# About this task
Begin at the line containing "Epipactis-cardina" and restate it and each line after it exactly, up to and including the last line below. Leave pictures out.

# Dataset records
Start of Block
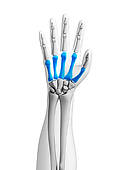 Highlighted   Bones Of The Hand   Royalty Free Clip Art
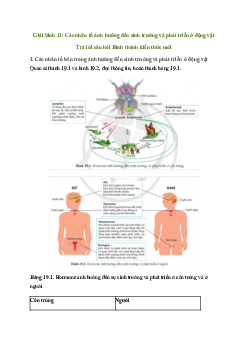 Giải Sinh 11 bài 19: Các nhân tố ảnh hưởng đến sinh trưởng và phát triển ở động vật | Cánh diều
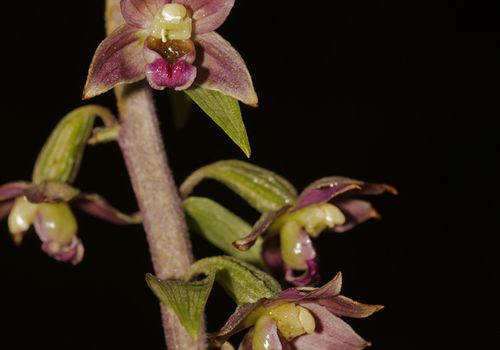Epipactis-cardina
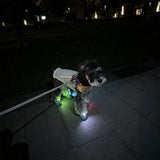LED Pet Safety Light For Dogs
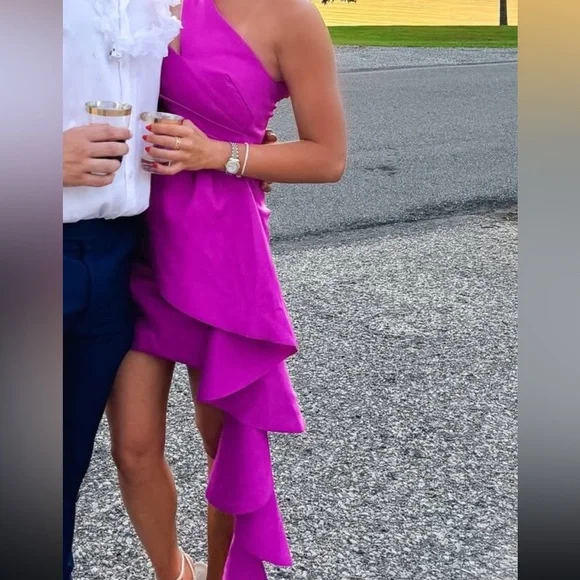 Elliatt Mini Dress - Picture 3 of 3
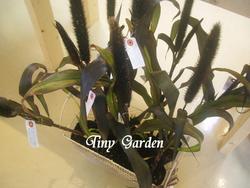 Tiny　Gardenさん☆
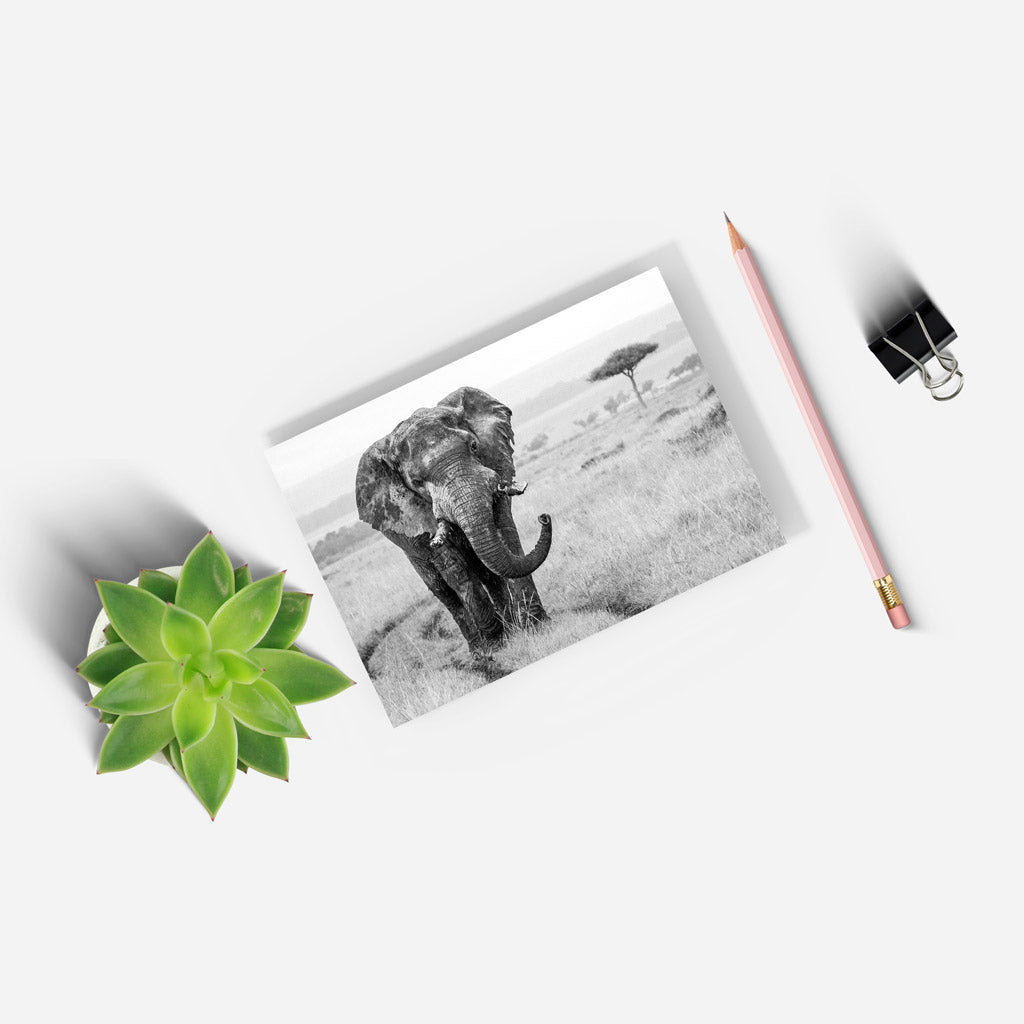 Elephant in the Wild Black and White A5 Notepad - Born Free Photography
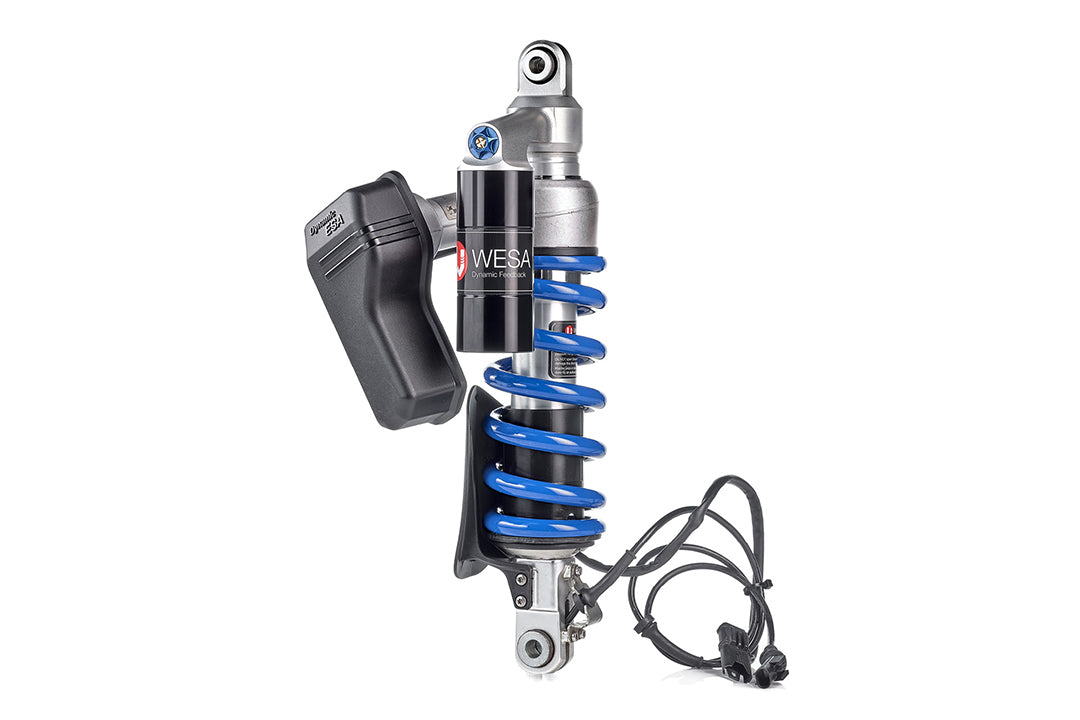 WI 644 WESA Federbein BMW F900R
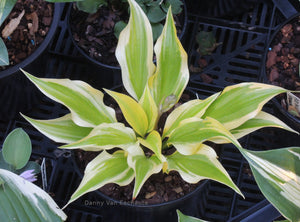 Hosta 'Neon Star'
End of Block
# Task output
Epipactis-cardina
LED Pet Safety Light For Dogs
 Elliatt Mini Dress - Picture 3 of 3
 Tiny　Gardenさん☆
 Elephant in the Wild Black and White A5 Notepad - Born Free Photography
 WI 644 WESA Federbein BMW F900R
 Hosta 'Neon Star'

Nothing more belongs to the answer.